Pondok pesantren itu berbeda dengan pondok pesantren pada umumnya, karena dibangun di dalam LP Klas II B Cilacap dimana bui berjeruji besi adalah asrama bagi santri-santri tersebut. Pondok itu, bisa dikatakan adalah rumah pertaubatan dari kegelapan masa silam.

Tiga tahun sejak didirikan pada 2013 silam, saban Senin sampai Kamis, puluhan napi yang terpanggil untuk mendekatkan dirinya pada Sang Pencipta diajarkan tentang Tauhid, Fiqih, Tajwid Alquran, cara berdakwah dan khusyuknya ibadah.

Para napi itu, memulai kegiatannya sebagai santri sejak pukul 08.00 sampai 10.00 pagi dimana kitab suci Alquran merupakan titik tolak mereka menimba ilmu agama.

Zainuddin (43), misalnya, yang terlibat kasus imigran dan ditahan selama 3 tahun, menyatakan Ponpes Darut Taubah wat Tarbiyah adalah bagian pertaubatan hidupnya. Di sana ia merasa menjumpai kedamaian untuk mendamaikan gejolak hatinya dari perbuatan buruk yang pernah ia lakukan.

Terutama saat Ramadan ini, ia berharap menemukan pertaubatan sejatinya, sebagai seseorang yang betul-betul utuh yang dipudarkan setiap kesalahannya dan mendapat berkah dari Allah.

"Di ponpes ini, saya menimba ilmu agama. Walau memang, rindu rumah selalu saya alami setiap datangnya Ramadan," ujar Zainuddin saat ditemui di masjid At-Taubah, Kamis (23/6).

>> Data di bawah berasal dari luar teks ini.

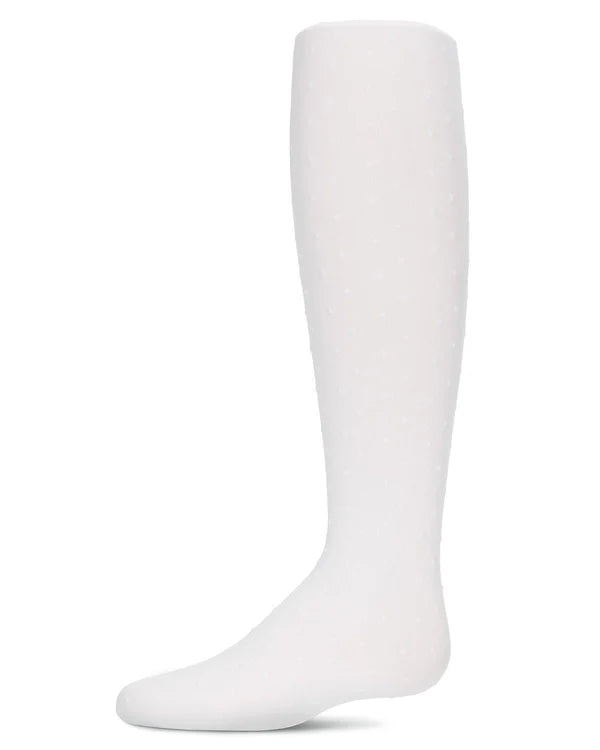 Memoi Girls Dot Semi Opaque Nylon Tights - Mkf-4061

Bukan hanya Zainuddin. Seorang yang mengalami perasaan serupa, Mudiono (40), mengatakan, sebagai santri Pondok Pesantren Darut Taubah wat Tarbiyah dirinya mengaku menggunakan waktu sebaik-baiknya untuk lebih mendalami tauhid, fiqih dan akhlak.

Ia bercerita, tradisi positif yang dibangun selama menjadi santri, yakni dibiasakan untuk melakukan kultum pada sesama napi sebelum melaksanakan ibadah salat Dzuhur. Tradisi ini membuat ia mesti memikirkan kembali kediriannya di hadapan Allah atas sikap-sikapnya terdahulu, untuk berubah menjadi bermanfaat bagi napi lain.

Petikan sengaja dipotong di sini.